Abstract

I suspect that every student has at least once thought, “How did this person get a teaching job? They’re horrible… boring, scattered, and erratic.” Steven Cahn, a keen, long-time participant-observer in higher education, addresses this problem and related concerns in his slender but eminently pithy book—one of those books of which you’ll likely think, “Exactly! I wish I had written that.”
Cahn’s book is divided into 10 chapters, the longest of which (“Tenure”) is 16 pages. Most of the chapters are only three to five pages long, but even those short chapters contain a wealth of useful information. What struck me most about chapters on “Examinations” and “Grades” is that, in the space of three to five pages, the author eviscerates some progressive attitudes toward these two traditional pillars of student assessment with deft surgical precision. For example, Cahn notes that one criticism of examinations is that “they stifle creativity, emphasizing the mindless reiteration of facts instead of encouraging imaginative thinking” (p. 23). This attack, he counters, misses the mark on two counts. First, “only poor examinations emphasize learning by rote,” and second, “the mastery of any field requires control of relevant information and skill” (p. 23). He argues that the foundational information emphasized on exams does not limit creativity but, instead, “provides a framework in which it can flourish” (p. 24).
Similarly, of the criticism of grades, Cahn explains that “A grade represents an expert’s judgment of the quality of a student’s work in a specific course” and it “is not a measure of a person but of a person’s level of achievement in a particular course” (p. 25-26). He admits, “whether grades are fair, however, depends on a teacher’s conscientiousness in assigning them” (p. 25-26). I know of school districts that have forbidden the use of red pens in grading because of how the color makes the student feel. Of course, as soon as another color is used, that color is perceived as “injurious,” and the can is kicked down the road yet again. Cahn’s reasoned approach is a breath of fresh air to teachers in the miasma of administrative nonsense.

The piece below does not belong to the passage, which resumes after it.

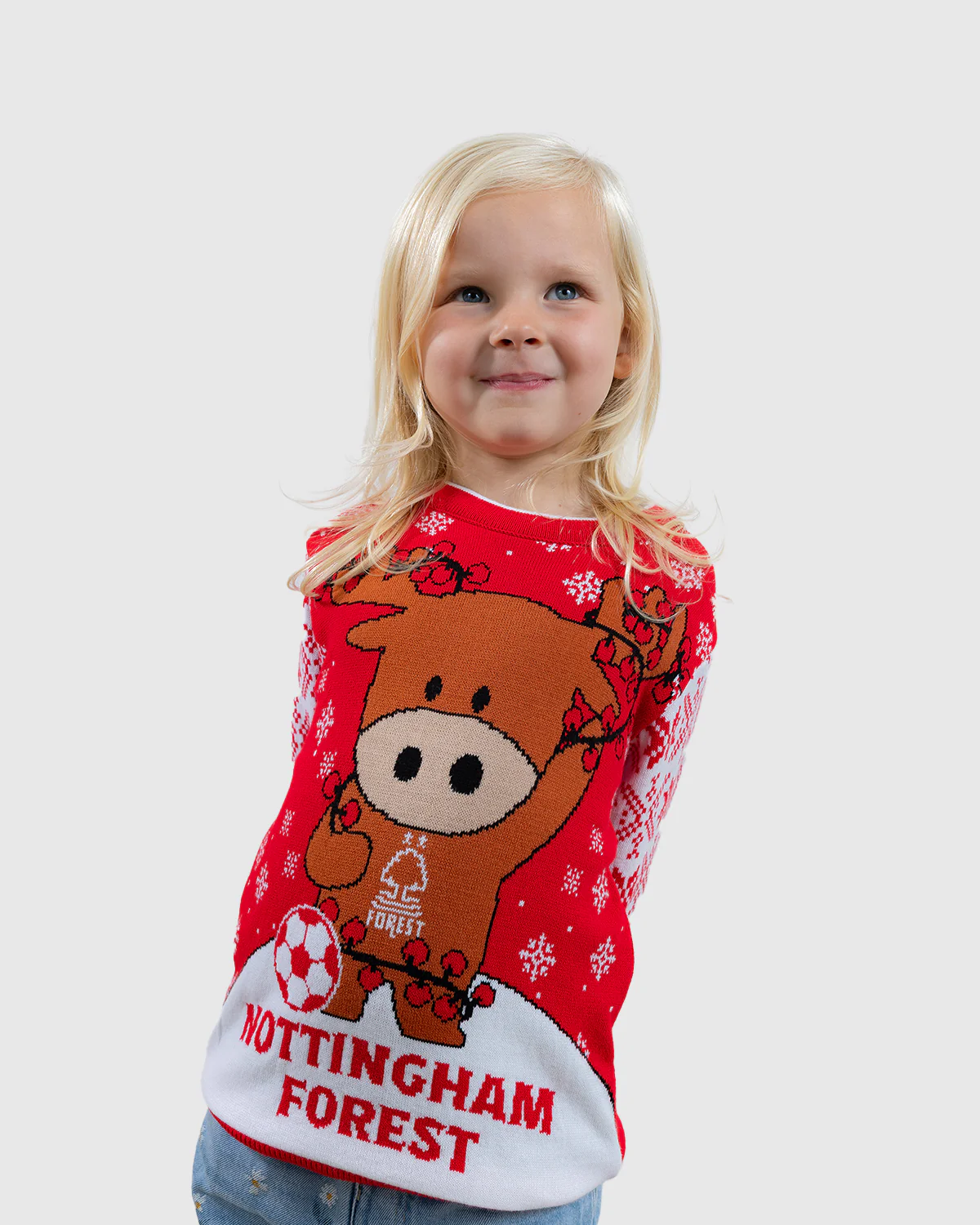 NFFC Junior Dasher Christmas Jumper - Image 2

The heart of Cahn’s book, though, concerns the undue emphasis that many institutions of higher education place upon research prowess and productivity and the concomitant, often systemic, diminution of the importance of teaching. This tragedy is illuminated every time college professors, when asked what they do, answer by identifying their fields of research. Or as Cahn writes, “Their primary commitment is to their discipline, not their classes” (p. 1). Cahn himself proudly reports “I take pleasure in identifying students as the primary focus of my life’s work” (p. 3).
In his discussion of effective teachers in chapter 2, Cahn responds to the question about what amazing teachers have in common: “The answer is not that successful teachers invariably know the subject better than others. Rather, they have mastered pedagogical skills that, surprising to some, are the same whether the students are children, teenagers, or adults” (p. 6). In describing some notably successful professors whom he heard lecture, Cahn writes “their clarity was memorable. They weren’t in the classroom to flaunt their erudition or display their brilliance; they were there to teach” (p. 15). A proper view of one’s critical role as an educator is foundational to one’s effectiveness as a molder of minds, in the best sense of the term. The looming question, however, is the following: How can the systemic listing of the higher-educational ship toward research be righted such that teaching is valued as it once was in the academy? In my mind, today’s universities could learn much on this count from the Lyceum and the Peripatetics.
Although this incisive book certainly should be on the desk of every university administrator who admits that the ship is listing, how much more influential it might be to those who do not. Moreover, many chapters will hold immense value to teachers and administrators at every level, specifically chapters 2-6 and 8 (“How Teachers Succeed,” “Learning to Teach,” “Examinations,” “Grades,” “A Teacher’s Role,” and “Evaluating Teaching,” respectively). Cahn’s book gives me hope that the ship is not doomed to sink, no matter how titanic the present challenge may seem. Administrators, read it and respond with thoughtful decisiveness. Teachers take heart—your work truly matters.